Are we talking about the server again?
But the evil Screwers shall be brought to
justice.
That's Rick Santorum's motto. Catharine MacKinnon's, too.
Poor Stevo, you didn't understand that nobody who's ever read it can figure out what the fuck Turn of the Screw was about. You should have just lit up a joint and spewed words onto the page, but no, you were one of those good students, weren't you?
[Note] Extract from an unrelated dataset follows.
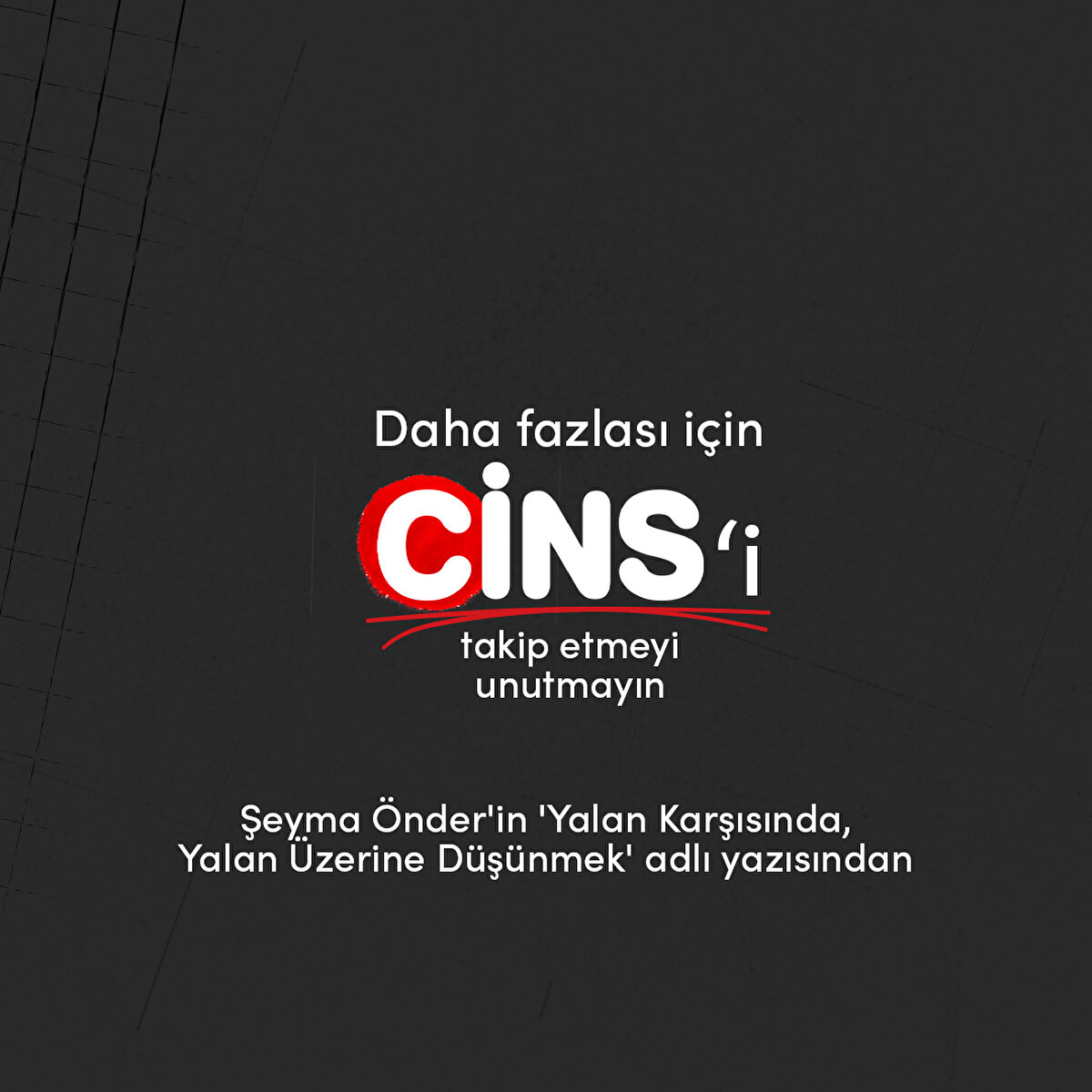 Daha fazlası için Cins'i takip etmeyi unutmayın
Şeyma Önder'in 'Yalan Karşısında, Yalan Üzerine Düşünmek' adlı yazısından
Yeah, Douglas, I was one of those good students, and I never lit
up a joint. Believe it or not.
I have to admit, though, in college some of my smoothest-flowing
writing seemed to occur when I'd been up all night working on a
long-postponed paper that was due that morning, and I wasn't quite
in my right mind. That's how I wrote a paper on Herman Melville's
Typee. It just flowed. The only drawback was that
I wrote the entire paper in Herman Melville's "voice" -- I couldn't
help it.
You should have just lit up a joint and spewed words onto the
page,
You know, I read that's pretty much how Jack Kerouac wrote On
the Road, although he may have been on something stronger than
pot. He wrote it all at one sitting, I think, and all one
paragraph. He went back and broke it up into paragraphs
later.
Come to think of it, I bet Henry James wrote Turn of the
Screw the same way.
Kerouac supposedly wrote On the Road in the one shot, but my understanding is that it was more like the fifth draft of the thing, that he had been attempting that type of writing for some time and had done four or five "dress rehearsals", if you will.